== Segment start ==

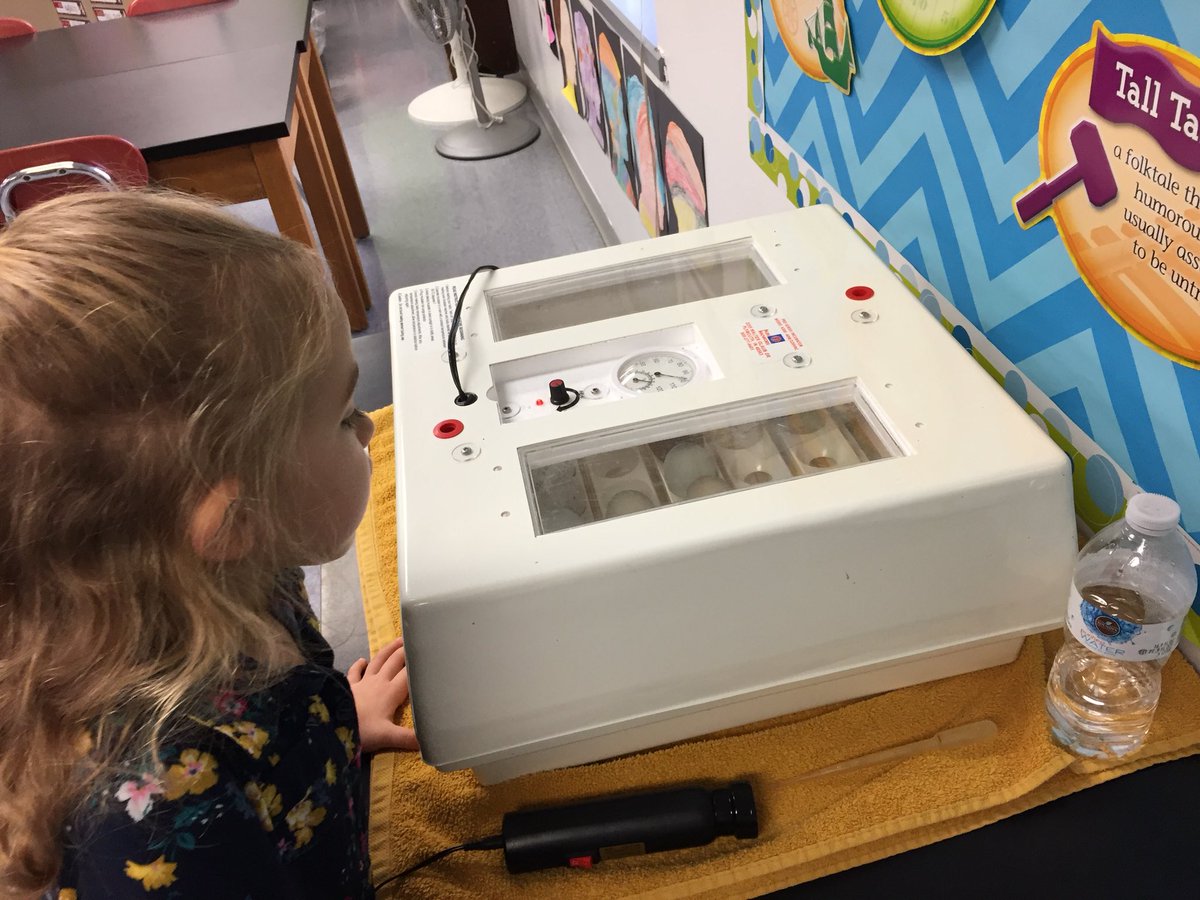 koobs83's tweet photo. 4K students were excited to observe newly-hatched chicks this morning! What a great learning experience for our students! #gostockbridge https://t.co/5JPn0FgKx9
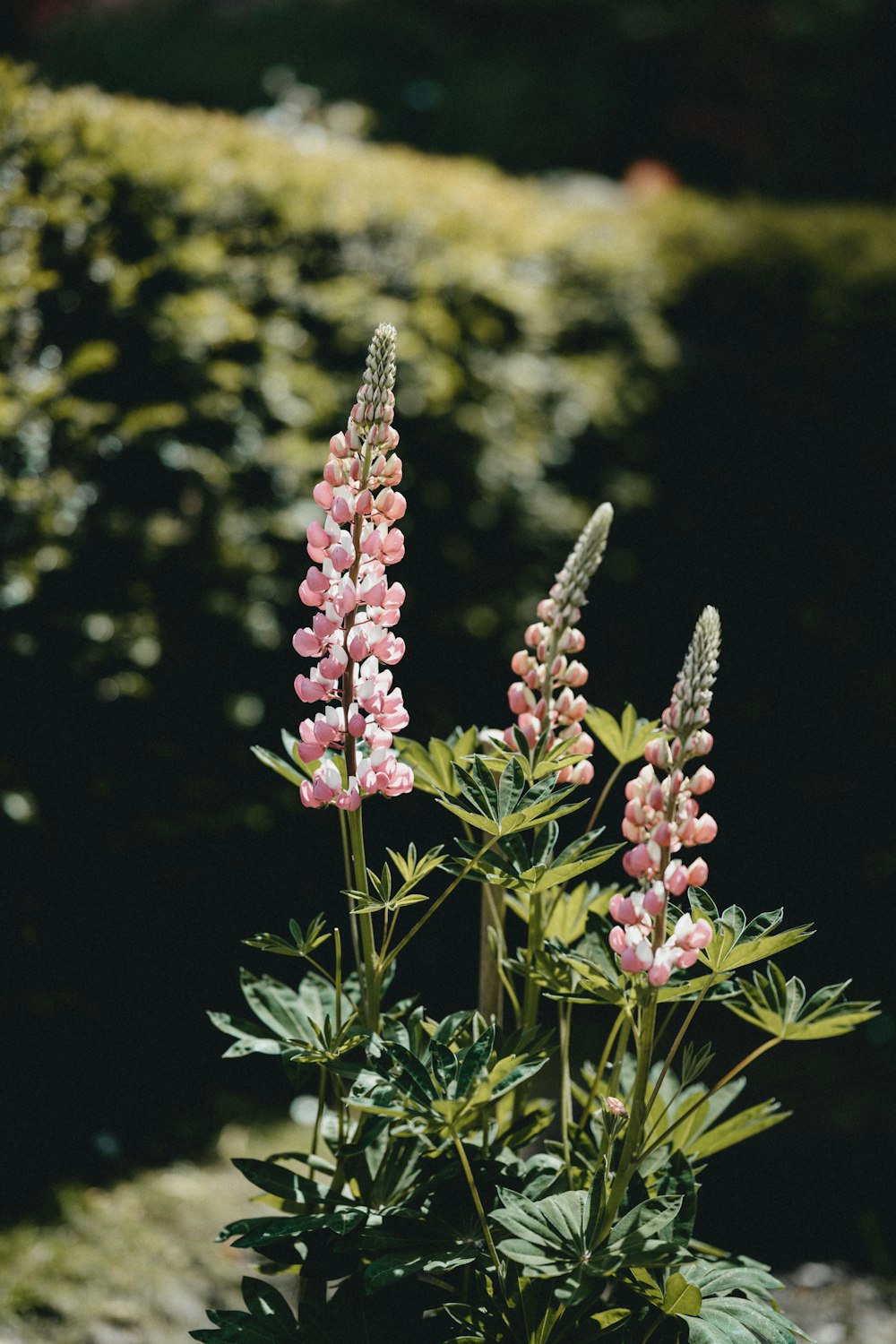 pink and white flower buds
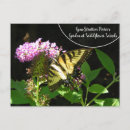 Recherche de naturaliste cartes postales Auteur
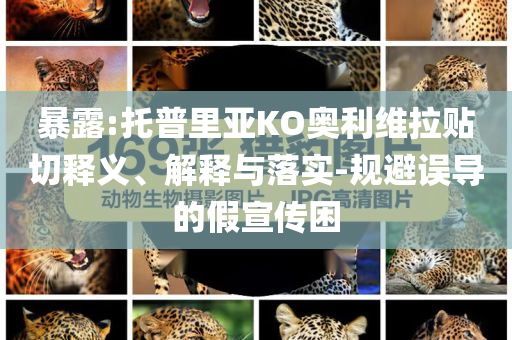 暴露:托普里亞KO奧利維拉貼切釋義、解釋與落實(shí)-規(guī)避誤導(dǎo)的假宣傳困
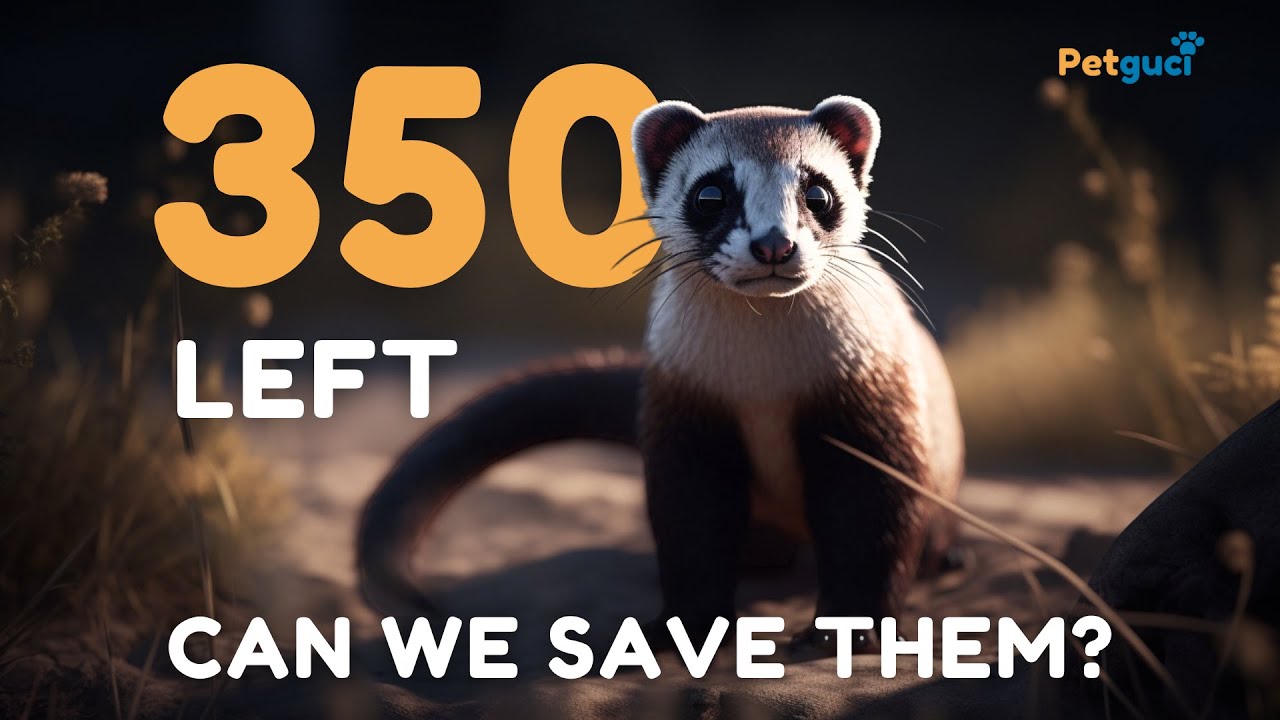 The Incredible Fight to Save the Black-Footed Ferret
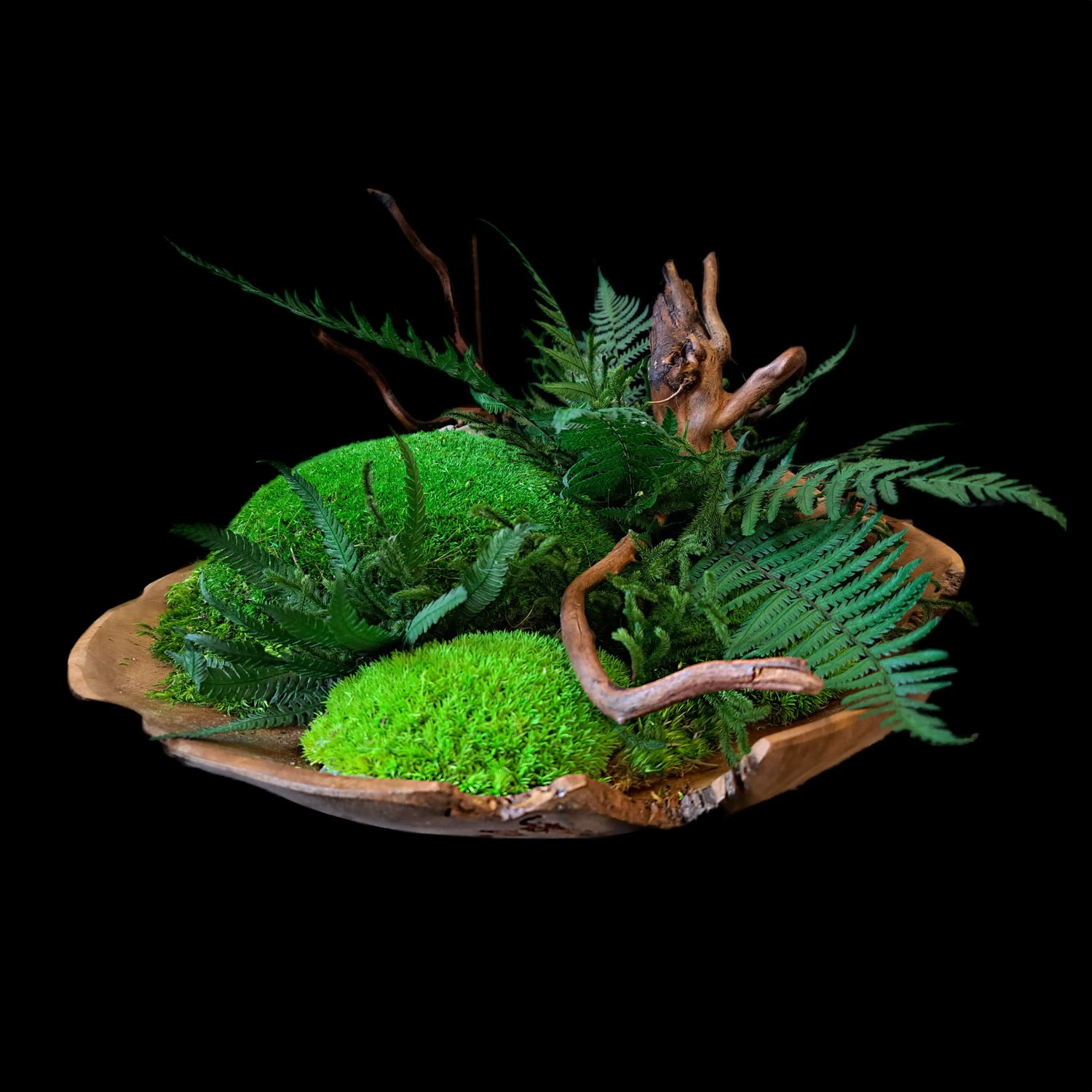 Moosschale "Fern" aus echten Moosen, Farnen, Wurzeln und edlem Holz  - eine ideale Tischdekoration für Innenräume - Frontansicht.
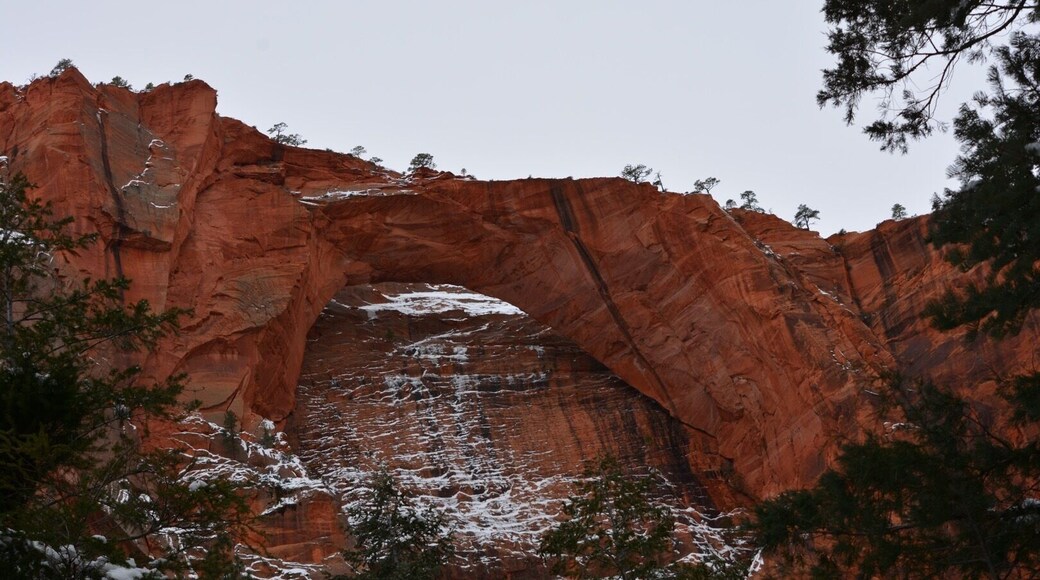 My first time making it back to the #Kolobarch I can never get enough of #Zion in the winter.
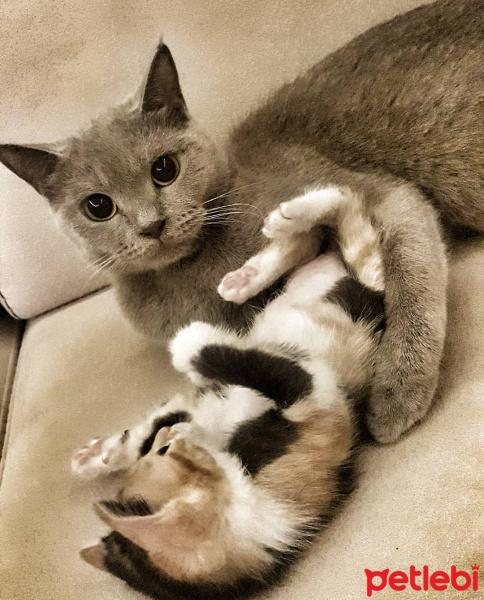 British Shorthair, Kedi  Casper fotoğrafı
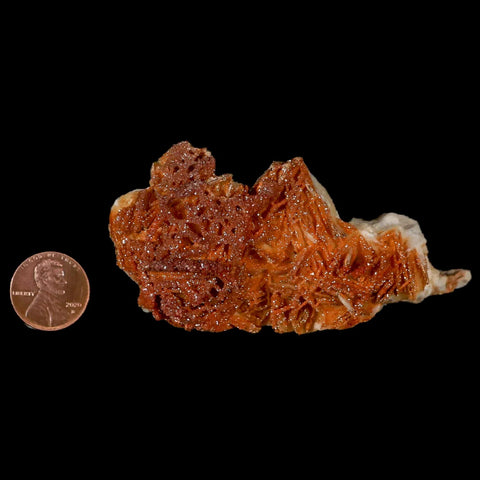 3.5" Sparkly Orange Vanadinite Crystals Orange Barite Blades Mineral Mabladen Morocco - Fossil Age Minerals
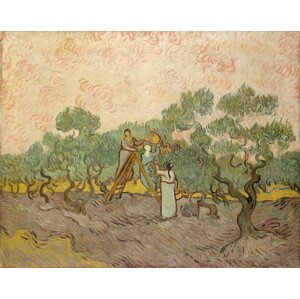 Vincent van Gogh - Obrazová reprodukce The Olive Pickers, Saint-Remy, 1889, (40 x 30 cm)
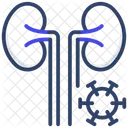 Kidneys Disease  アイコン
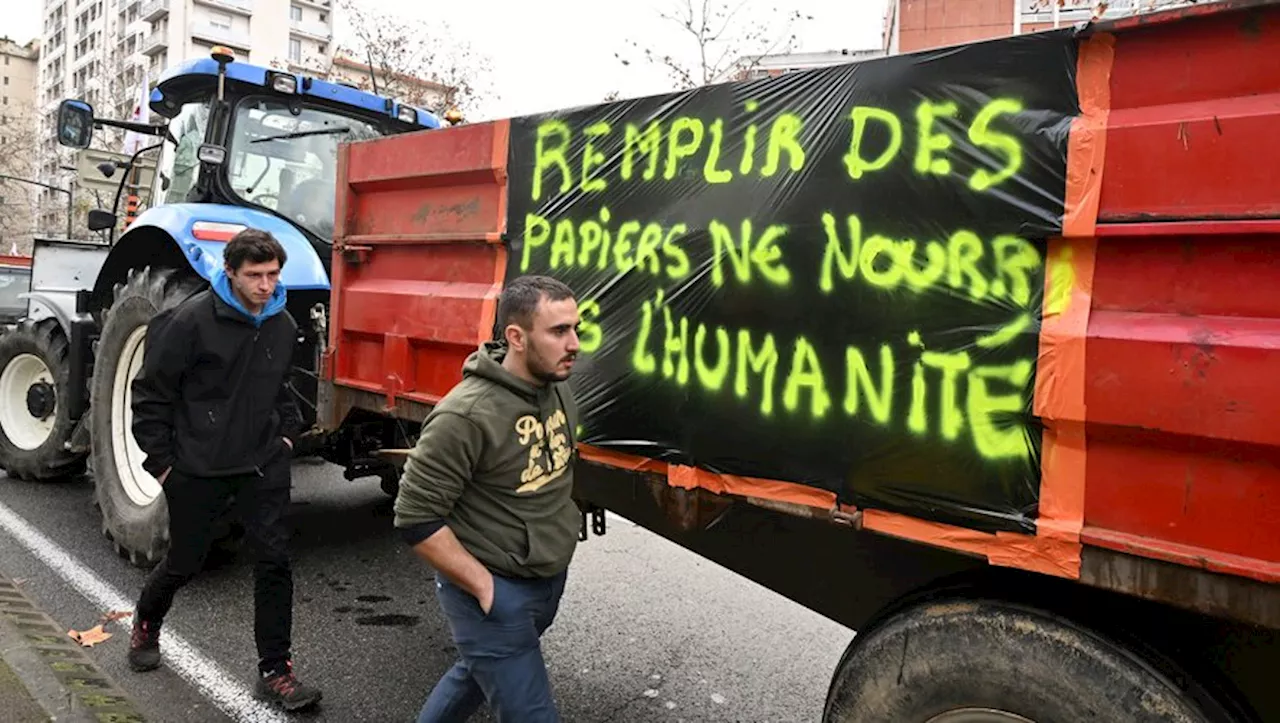 Colère des agriculteurs : malgré les aides, les cultivateurs et les éleveurs à bout de souffle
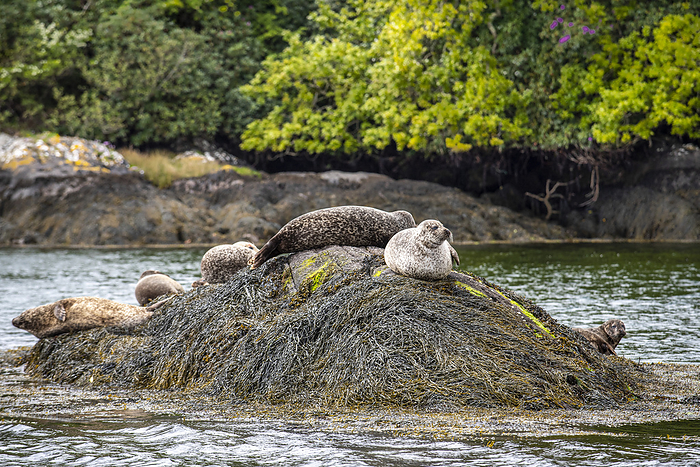 harbour seal Group of Harbour Seals  Phoca vitulina  resting on seaweed covered the rocks on the shoreline of Garnish Island in Bantry Bay  West Cork, Ireland, by Christopher Roche   Design Pics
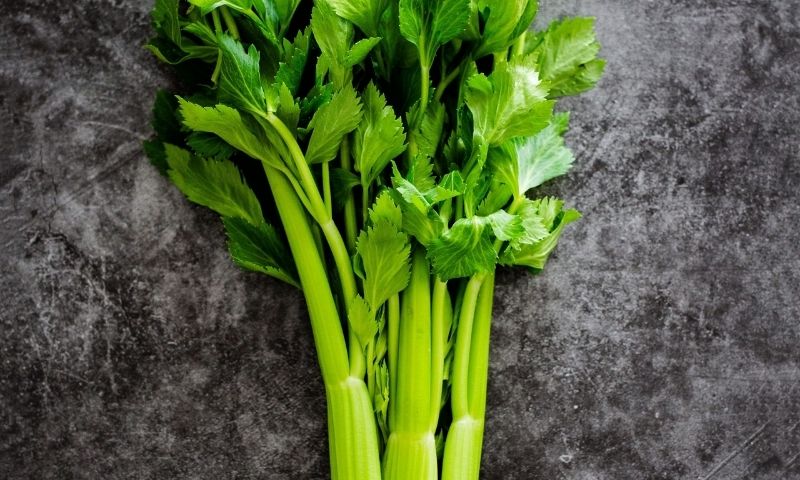 Cần tây giàu dinh dưỡng và hỗ trợ giảm cân hiệu quả. (Ảnh: Nguồn Internet)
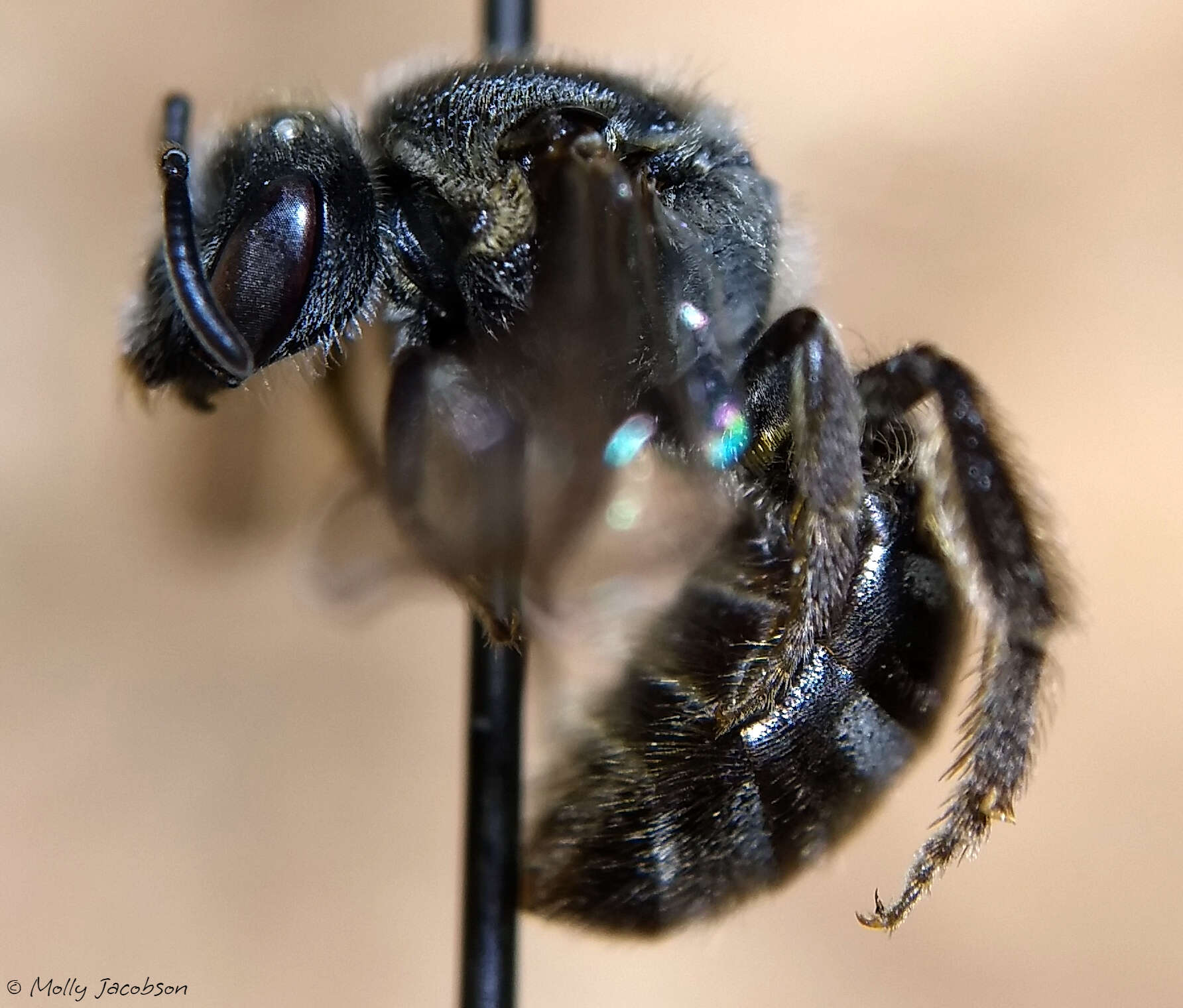 Plancia ëd Lasioglossum nelumbonis (Robertson 1890)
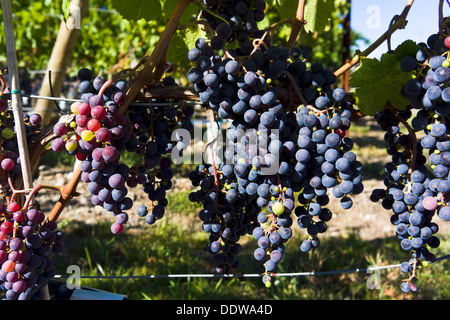 Au Raisin Tinhorn Creek Winery & vineyards, Sud de l'Okanagan, Colombie-Britannique, Canada. Banque D'Images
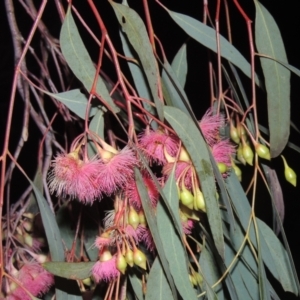 Eucalyptus sideroxylon at Gordon, ACT - 7 Sep 2021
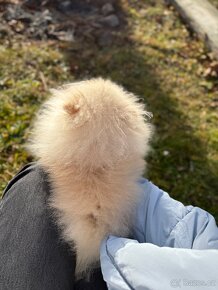 Štěně pomeranian - 2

== Segment end ==

# Exercise directions
Copy everything in the records above except the pictures, exactly as written.

# Answer for the task
 koobs83's tweet photo. 4K students were excited to observe newly-hatched chicks this morning! What a great learning experience for our students! #gostockbridge https://t.co/5JPn0FgKx9
 pink and white flower buds
 Recherche de naturaliste cartes postales Auteur
 暴露:托普里亞KO奧利維拉貼切釋義、解釋與落實(shí)-規(guī)避誤導(dǎo)的假宣傳困
 The Incredible Fight to Save the Black-Footed Ferret
 Moosschale "Fern" aus echten Moosen, Farnen, Wurzeln und edlem Holz  - eine ideale Tischdekoration für Innenräume - Frontansicht.
 My first time making it back to the #Kolobarch I can never get enough of #Zion in the winter.
 British Shorthair, Kedi  Casper fotoğrafı
 3.5" Sparkly Orange Vanadinite Crystals Orange Barite Blades Mineral Mabladen Morocco - Fossil Age Minerals
 Vincent van Gogh - Obrazová reprodukce The Olive Pickers, Saint-Remy, 1889, (40 x 30 cm)
 Kidneys Disease  アイコン
 Colère des agriculteurs : malgré les aides, les cultivateurs et les éleveurs à bout de souffle
 harbour seal Group of Harbour Seals  Phoca vitulina  resting on seaweed covered the rocks on the shoreline of Garnish Island in Bantry Bay  West Cork, Ireland, by Christopher Roche   Design Pics
 Cần tây giàu dinh dưỡng và hỗ trợ giảm cân hiệu quả. (Ảnh: Nguồn Internet)
 Plancia ëd Lasioglossum nelumbonis (Robertson 1890)
 Au Raisin Tinhorn Creek Winery & vineyards, Sud de l'Okanagan, Colombie-Britannique, Canada. Banque D'Images
 Eucalyptus sideroxylon at Gordon, ACT - 7 Sep 2021
 Štěně pomeranian - 2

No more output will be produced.